== Segment start ==

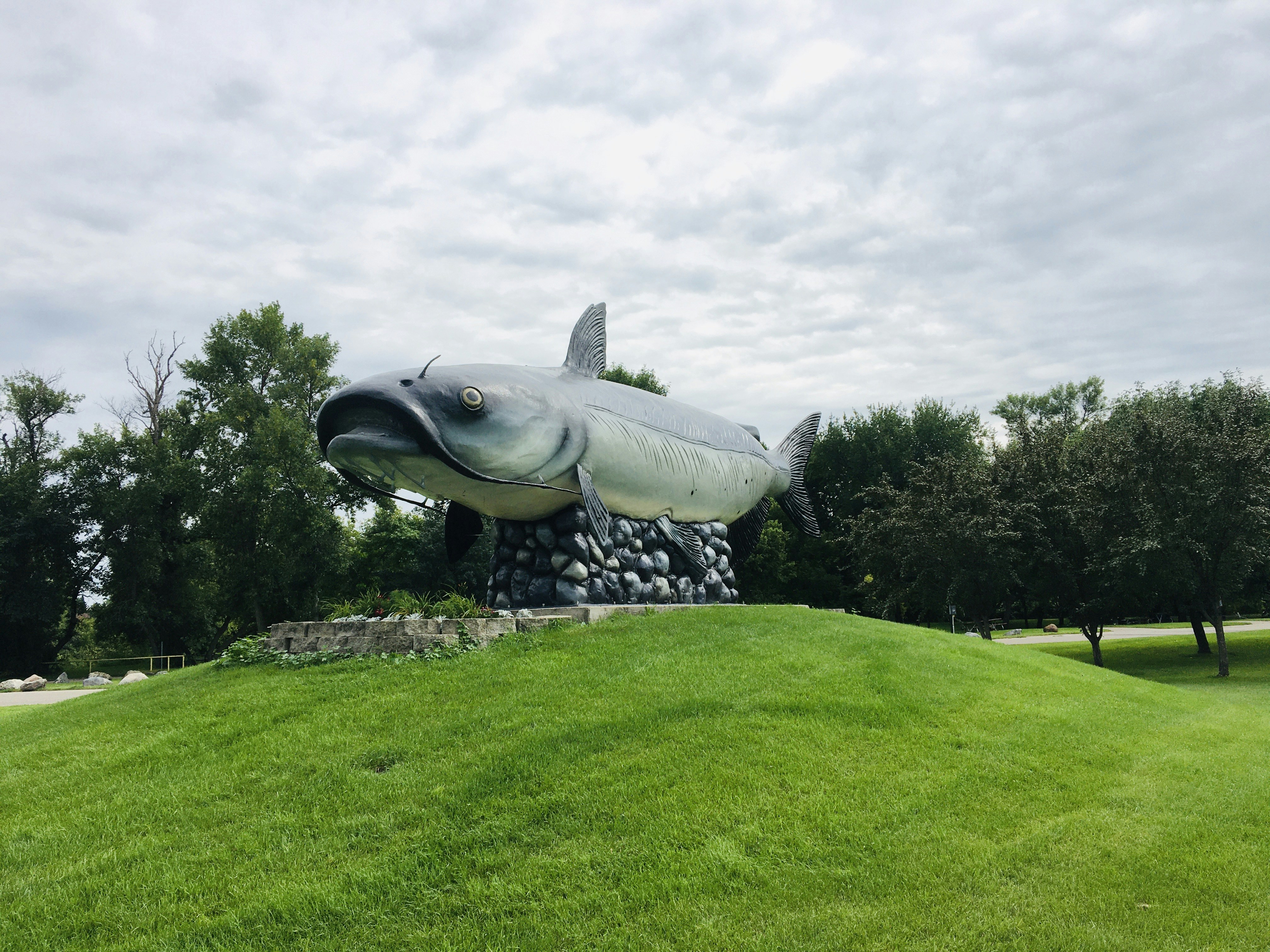 gray and black statue on green grass field under white cloudy sky during daytime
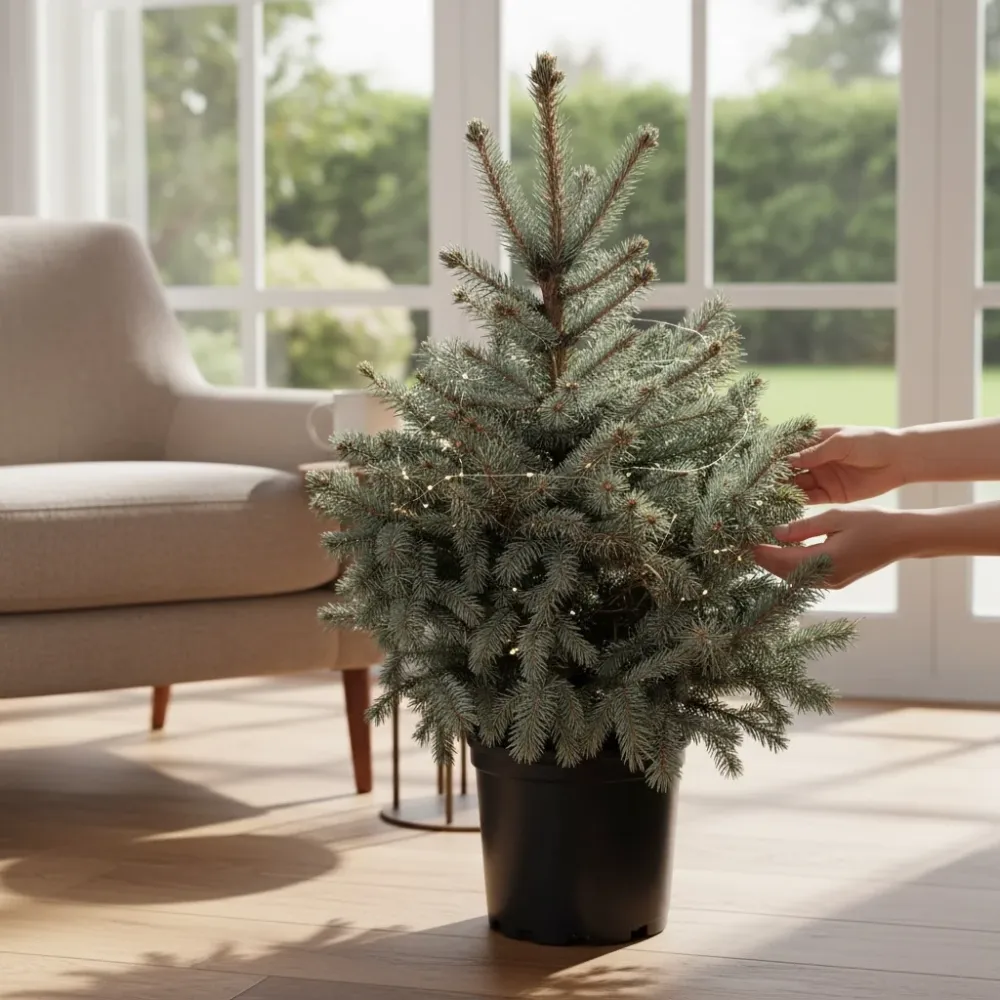 Brad argintiu ghiveci XL - Picea pungens 'Super Blue' H85-90 cm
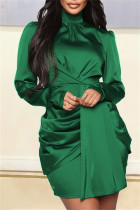 Зеленые модные повседневные однотонные лоскутные платья с высоким воротником и длинными рукавами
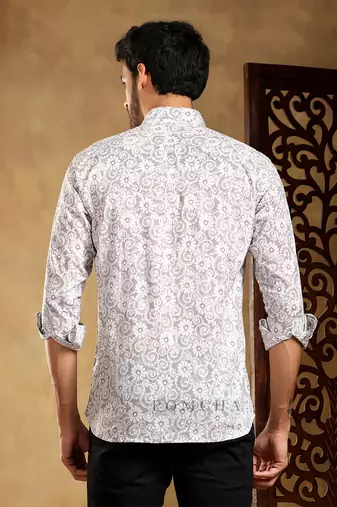 grey cotton hand block shirt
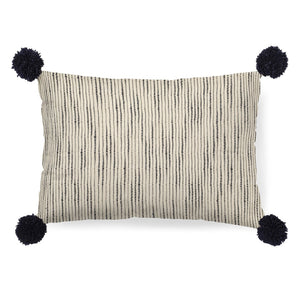 Mercana Krystal Decorative Pillow Cover – Modern Boho Charm with Blue Pom Pom Accents for Cozy Spaces Cream/Blue Fabric | 13x21 68890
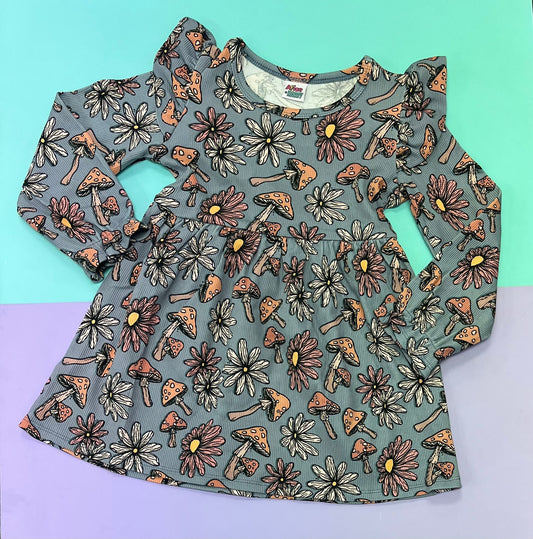 Pre Made Vintage Floral Ruffle Dresses - Shroom Bloom For Little Wildflowers 4-5y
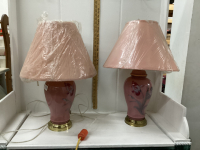 PAIR OF PINK TABLE LAMPS - NON MATCHING SHADES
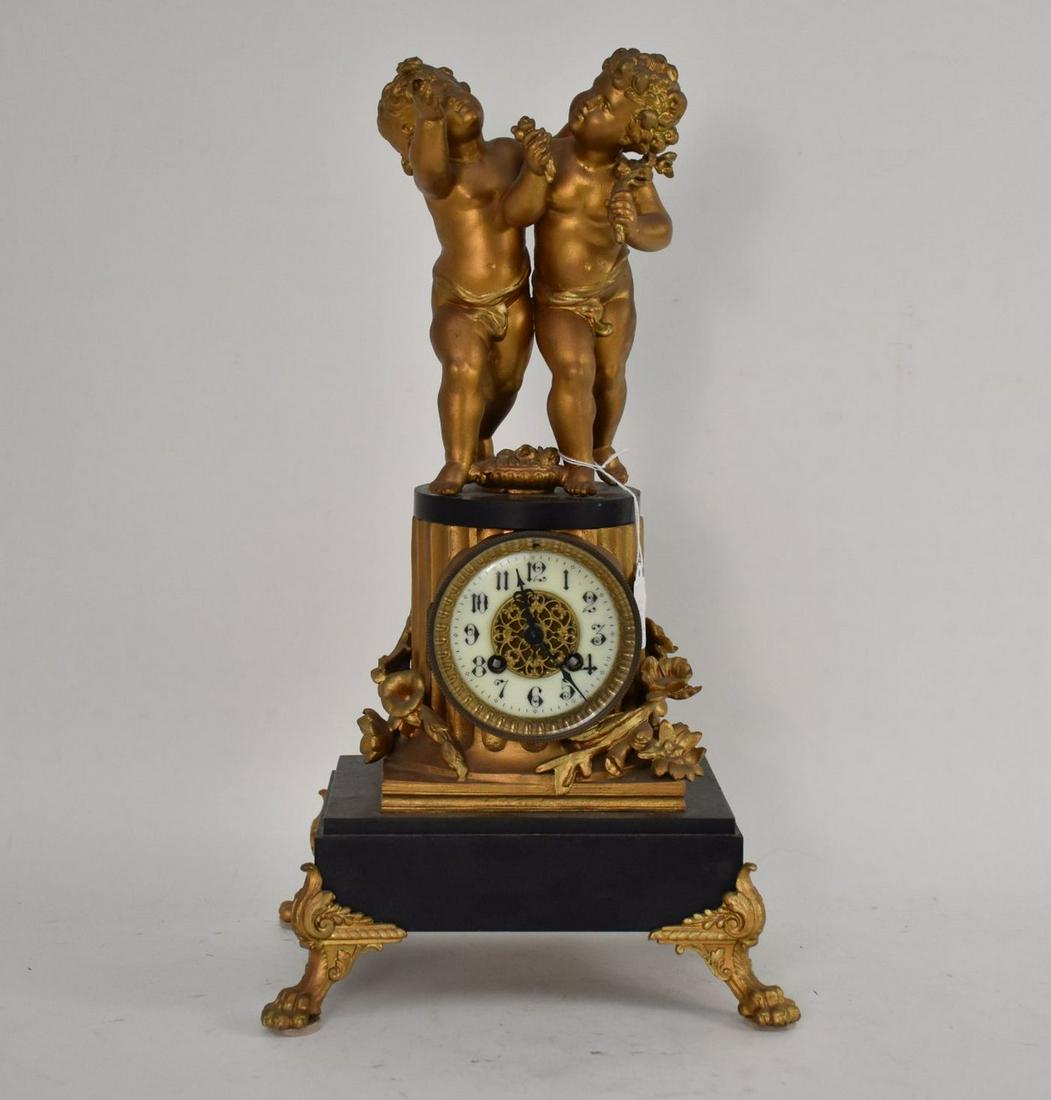 Antique Gilt & Slate Figural Putti Mantel Clock - A gilt metal columned clock topped by two putti (1 of 5)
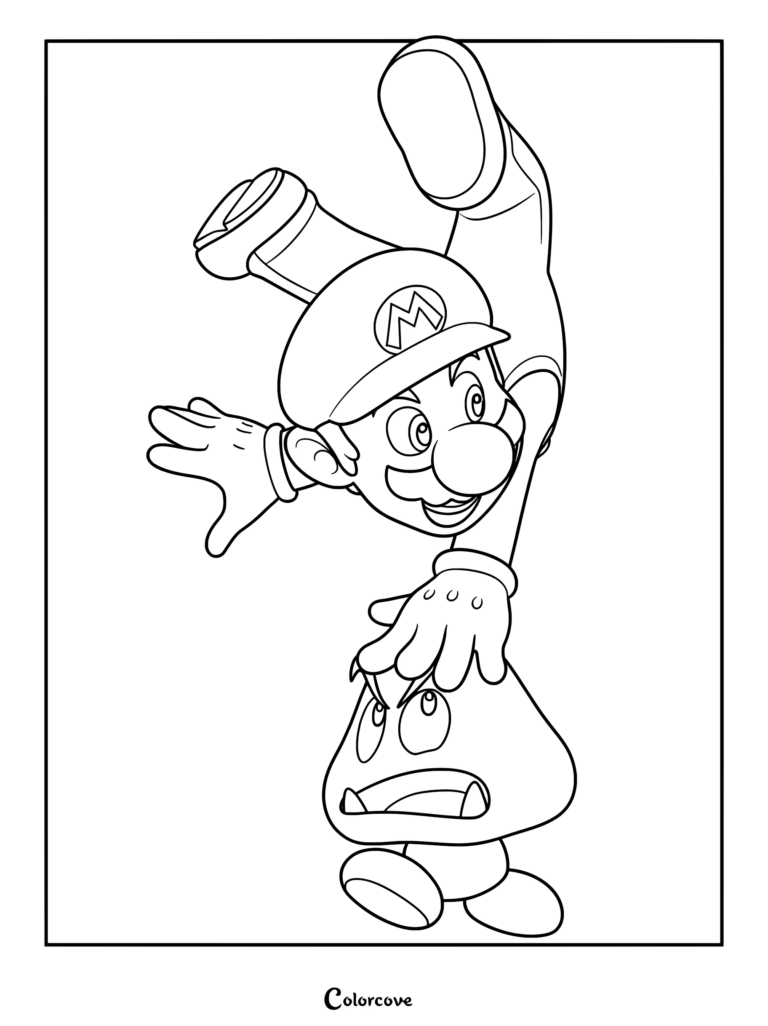 Super Mario effectuant une attaque sautée sur un Goomba sur ce coloriage à imprimer.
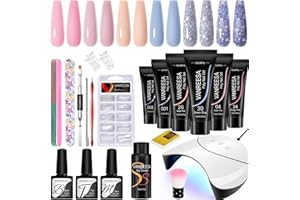 Kit Unghie Gel Completo con Lampada U V/Led VANREESA 6 Colori Set Unghie Gel Ricostruzione Kit Ricostruzione Unghie con Matt Top Base Coat per Principianti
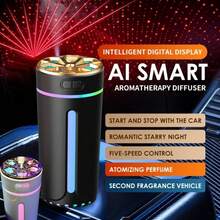 RAF USB Powered 4-Mode Aroma Diffuser (Smart, 2-Level, Starry Sky, Fragrance Mist) With 2 Mist Levels, Suitable For Home, Car, Office Or Travel. It Is Both A Fragrance Diffuser And A Modern Incense Burner. Smart Car Air Purifier Humidifier Aromatherapy Diffuser Car Deodorizer Car Atmosphere Light With 6 Filter Cores, Car Accessories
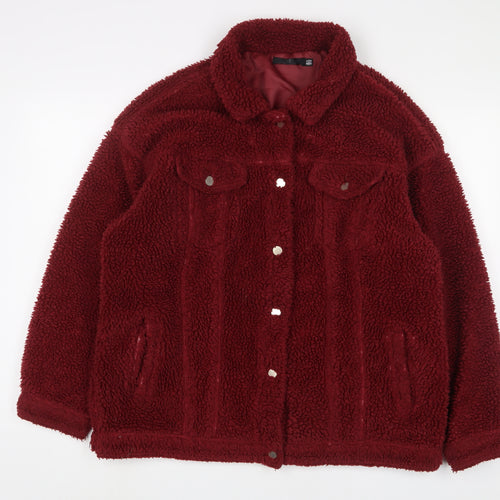 Missguided Womens Red Jacket Size 14 Button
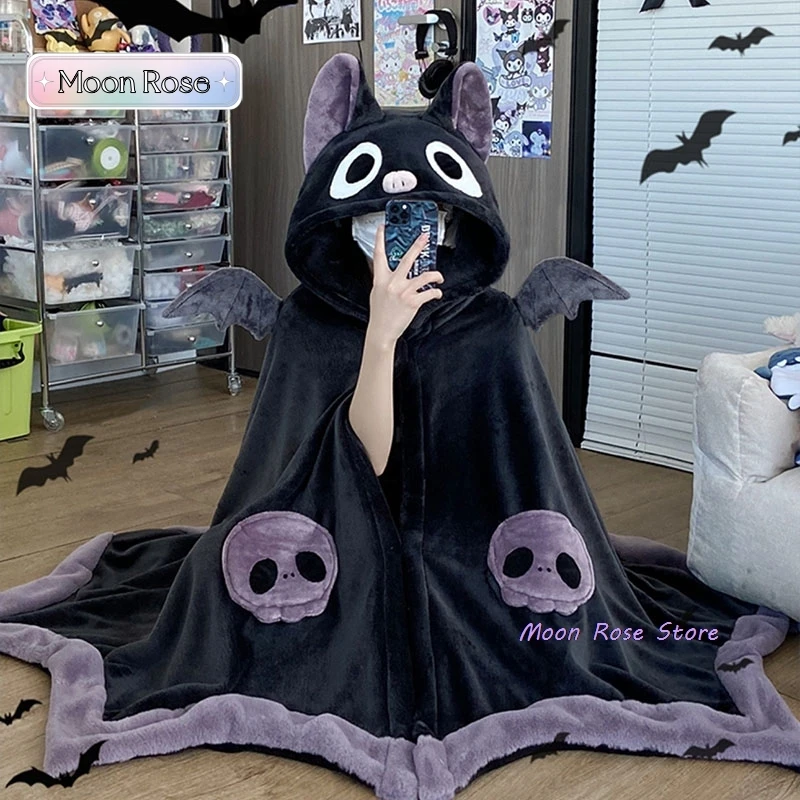 

Kawaii Cartoon Bat Y2k Blanket Plush Pajamas Anime Cloak Costume Halloween Cloak For Adults Winter Ponchos Women Hooded Cape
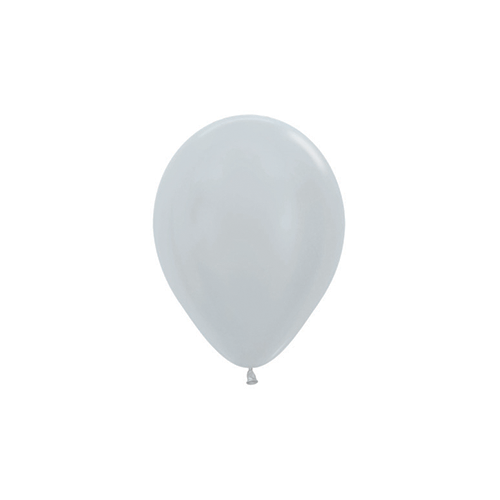 12cm Satin Silver (481) Sempertex Latex Balloons #30206221 - Pack of 100 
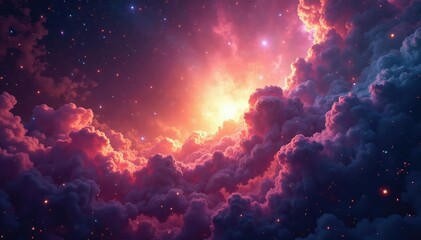 Cosmic clouds of gas and dust illuminate a vibrant nebula, swirling colors and celestial formations , dark nebula, light, vibrant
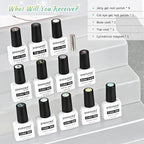 JODSONE 9 Green Colors Jelly Gel Nail Polish Set with Base Coat Top Coat Women's Holiday Gifts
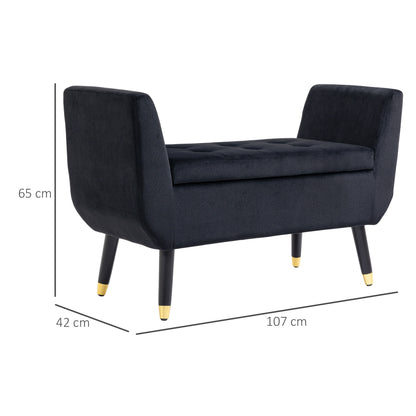 Bench with Storage Armrests Upholstered Bench with Velvet Look, Storage Chest with Wooden Legs, Bench for Living Room Bedroom Hallway 107 x 42 x 65 cm, Black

== Segment end ==

— Task objective —
The response should reproduce all the material above exactly and leave out its pictures.

— Solution for this problem —
 gray and black statue on green grass field under white cloudy sky during daytime
 Brad argintiu ghiveci XL - Picea pungens 'Super Blue' H85-90 cm
 Зеленые модные повседневные однотонные лоскутные платья с высоким воротником и длинными рукавами
 grey cotton hand block shirt
 Mercana Krystal Decorative Pillow Cover – Modern Boho Charm with Blue Pom Pom Accents for Cozy Spaces Cream/Blue Fabric | 13x21 68890
 Pre Made Vintage Floral Ruffle Dresses - Shroom Bloom For Little Wildflowers 4-5y
 PAIR OF PINK TABLE LAMPS - NON MATCHING SHADES
 Antique Gilt & Slate Figural Putti Mantel Clock - A gilt metal columned clock topped by two putti (1 of 5)
 Super Mario effectuant une attaque sautée sur un Goomba sur ce coloriage à imprimer.
 Kit Unghie Gel Completo con Lampada U V/Led VANREESA 6 Colori Set Unghie Gel Ricostruzione Kit Ricostruzione Unghie con Matt Top Base Coat per Principianti
 RAF USB Powered 4-Mode Aroma Diffuser (Smart, 2-Level, Starry Sky, Fragrance Mist) With 2 Mist Levels, Suitable For Home, Car, Office Or Travel. It Is Both A Fragrance Diffuser And A Modern Incense Burner. Smart Car Air Purifier Humidifier Aromatherapy Diffuser Car Deodorizer Car Atmosphere Light With 6 Filter Cores, Car Accessories
 Missguided Womens Red Jacket Size 14 Button

Kawaii Cartoon Bat Y2k Blanket Plush Pajamas Anime Cloak Costume Halloween Cloak For Adults Winter Ponchos Women Hooded Cape
 12cm Satin Silver (481) Sempertex Latex Balloons #30206221 - Pack of 100 
 Cosmic clouds of gas and dust illuminate a vibrant nebula, swirling colors and celestial formations , dark nebula, light, vibrant
 JODSONE 9 Green Colors Jelly Gel Nail Polish Set with Base Coat Top Coat Women's Holiday Gifts
 Bench with Storage Armrests Upholstered Bench with Velvet Look, Storage Chest with Wooden Legs, Bench for Living Room Bedroom Hallway 107 x 42 x 65 cm, Black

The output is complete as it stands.